In the Japanese Industrial Standard (JIS) Z 8803, viscometers are categorized into capillary tube viscometers, falling ball viscometers, rotational viscometers, and vibration viscometers. There are other methods of measuring viscosity such as the cup method and LST.
Rotational viscometers are commonly used. They are simply constructed and user-friendly, they can measure a wide range of substances, and they can take highly accurate measurements. Viscosity is determined by measuring the torque (shearing stress) used on the cylindrical surface of a cylindrical rotor inserted into the sample and rotating at a constant speed. There are several types of rotors, including coaxial cylinder, single cylinder, and cone plate rotors. With cone plate rotors, by changing the number of rotations, the flow characteristics of non-Newtonian fluids can be obtained.

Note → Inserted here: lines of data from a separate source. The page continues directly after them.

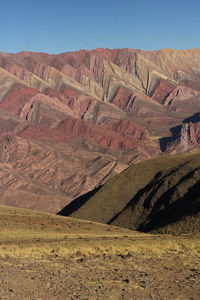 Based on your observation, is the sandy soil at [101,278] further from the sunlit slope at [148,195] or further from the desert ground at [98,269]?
the sunlit slope at [148,195]

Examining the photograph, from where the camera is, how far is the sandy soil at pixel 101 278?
16375 mm

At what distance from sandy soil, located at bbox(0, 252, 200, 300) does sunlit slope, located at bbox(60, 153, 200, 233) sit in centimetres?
2600

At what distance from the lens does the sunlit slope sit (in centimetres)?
5896

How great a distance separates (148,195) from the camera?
2635 inches

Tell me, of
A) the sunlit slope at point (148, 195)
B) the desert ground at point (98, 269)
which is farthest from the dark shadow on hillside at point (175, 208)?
the desert ground at point (98, 269)

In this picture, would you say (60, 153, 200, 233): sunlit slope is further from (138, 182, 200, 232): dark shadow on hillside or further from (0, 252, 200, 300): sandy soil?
(0, 252, 200, 300): sandy soil

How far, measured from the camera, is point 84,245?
25.8 metres

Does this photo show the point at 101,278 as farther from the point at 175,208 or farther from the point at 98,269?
the point at 175,208

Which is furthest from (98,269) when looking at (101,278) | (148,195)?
(148,195)

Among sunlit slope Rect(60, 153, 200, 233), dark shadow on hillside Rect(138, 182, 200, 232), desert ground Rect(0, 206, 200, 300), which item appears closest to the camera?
desert ground Rect(0, 206, 200, 300)

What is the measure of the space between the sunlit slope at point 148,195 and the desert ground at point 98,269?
74.2 feet

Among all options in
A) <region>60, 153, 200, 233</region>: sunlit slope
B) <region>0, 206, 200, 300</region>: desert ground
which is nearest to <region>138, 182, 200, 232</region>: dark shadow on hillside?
<region>60, 153, 200, 233</region>: sunlit slope

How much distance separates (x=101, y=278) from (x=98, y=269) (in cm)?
174

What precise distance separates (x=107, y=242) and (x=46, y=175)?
6437 inches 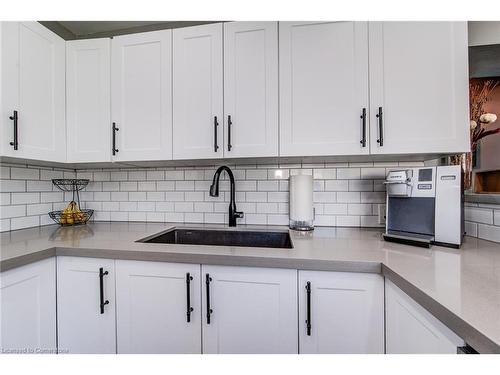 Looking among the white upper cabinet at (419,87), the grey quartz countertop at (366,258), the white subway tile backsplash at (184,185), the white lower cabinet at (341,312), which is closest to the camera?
the grey quartz countertop at (366,258)

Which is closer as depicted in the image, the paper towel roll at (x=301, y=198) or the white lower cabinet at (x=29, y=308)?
the white lower cabinet at (x=29, y=308)

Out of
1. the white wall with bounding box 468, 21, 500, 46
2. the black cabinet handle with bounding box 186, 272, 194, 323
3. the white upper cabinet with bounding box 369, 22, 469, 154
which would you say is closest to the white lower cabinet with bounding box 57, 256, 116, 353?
the black cabinet handle with bounding box 186, 272, 194, 323

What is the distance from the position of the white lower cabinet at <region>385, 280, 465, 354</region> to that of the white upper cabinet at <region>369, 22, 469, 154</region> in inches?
28.6

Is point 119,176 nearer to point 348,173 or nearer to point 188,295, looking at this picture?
point 188,295

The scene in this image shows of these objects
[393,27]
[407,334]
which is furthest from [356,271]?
[393,27]

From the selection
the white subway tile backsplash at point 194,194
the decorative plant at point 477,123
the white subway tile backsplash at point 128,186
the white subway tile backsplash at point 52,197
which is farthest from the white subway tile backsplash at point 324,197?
the white subway tile backsplash at point 52,197

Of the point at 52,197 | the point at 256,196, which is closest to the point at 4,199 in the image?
the point at 52,197

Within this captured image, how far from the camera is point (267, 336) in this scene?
3.31 ft

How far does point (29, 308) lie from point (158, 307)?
21.5 inches

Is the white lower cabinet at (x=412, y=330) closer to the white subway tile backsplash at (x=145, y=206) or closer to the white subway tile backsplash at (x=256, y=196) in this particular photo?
the white subway tile backsplash at (x=256, y=196)

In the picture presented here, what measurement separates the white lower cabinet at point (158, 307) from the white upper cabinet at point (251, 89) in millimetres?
699

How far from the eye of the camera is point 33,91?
1397 mm

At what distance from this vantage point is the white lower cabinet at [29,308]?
101 centimetres

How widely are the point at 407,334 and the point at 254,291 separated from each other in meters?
0.54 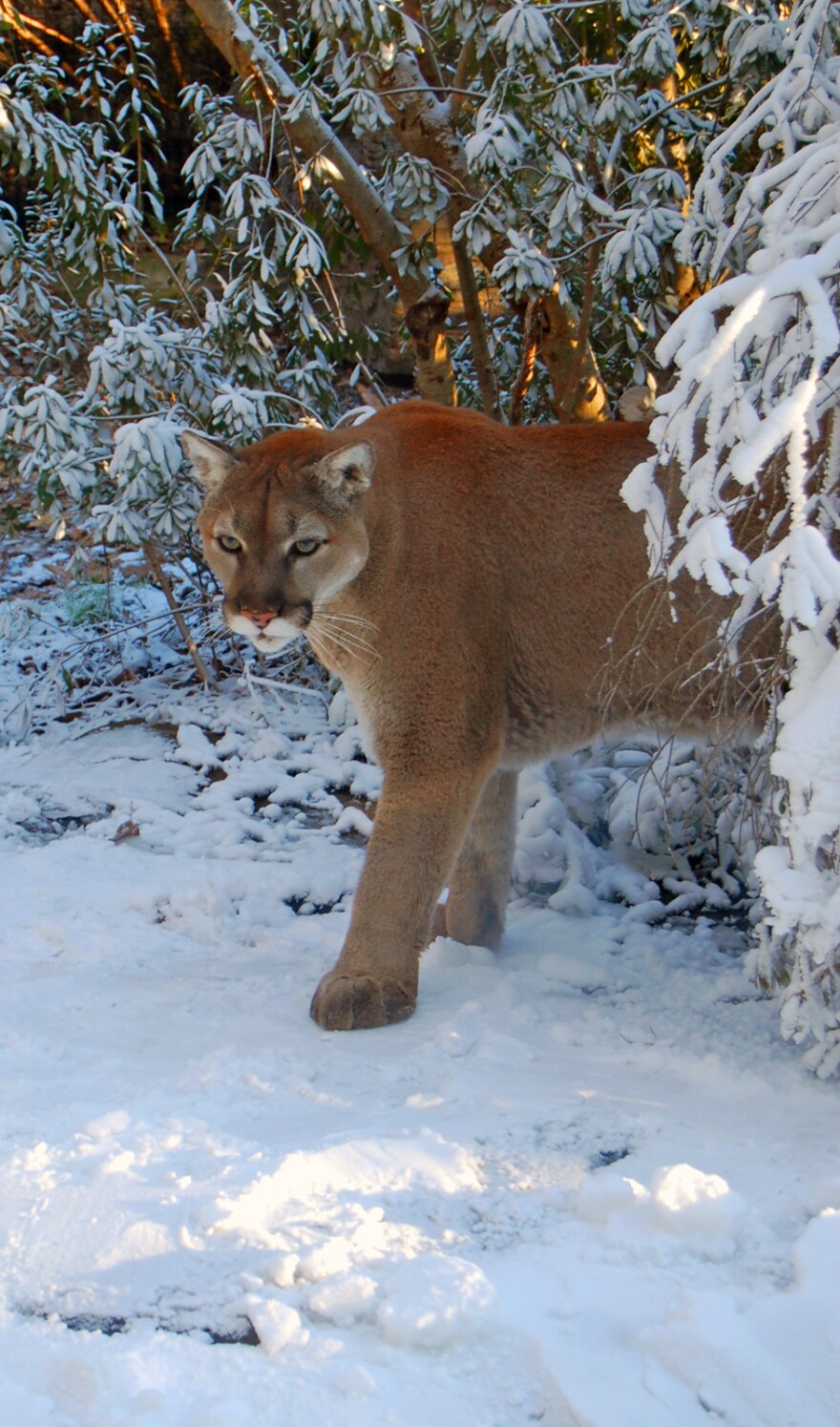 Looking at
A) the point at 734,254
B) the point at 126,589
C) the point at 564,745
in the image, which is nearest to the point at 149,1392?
the point at 564,745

Kinematic viscosity is determined by passing the sample through a narrow tube and measuring the time it takes for the sample to pass through. The viscosity can be calculated using the sample's density (kinematic velocity = viscosity ÷ density). Capillary tube viscometers can measure Newtonian fluids with a relatively high level of precision. These viscometers are low cost and have been used for a long time, but the narrow tube makes cleaning complex, making it more troublesome for the user. ►Applications: petroleum products and pharmaceutical manufacturing.
Viscosity is determined by dropping a ball into the sample and measuring how long it takes to fall to the bottom. Because the ball meets with fluid resistance from the sample, the speed the ball falls will be different depending on the viscosity of the sample. These viscometers can accurately measure the viscosity of Newtonian fluids, from low-viscosity fluids like water to high-viscosity fluids like oil.
Viscosity is determined by inserting a vibrating instrument into a sample and measuring the viscous resistance when vibrating at a constant frequency. Vibration viscometers have a quick response time and can perform successive measurements. They are used as in-line process viscometers because of their ability to measure liquid as it is flowing.
Viscosity is determined by filling a metal cup with the sample, draining the sample through an orifice (puncture) in the base of the cup, and measuring the time it takes for the sample to flow out. The time it takes for the sample to flow out of the orifice is generally measured with a stopwatch. ►Applications: paints and industrial oils (rarely used in the food industry).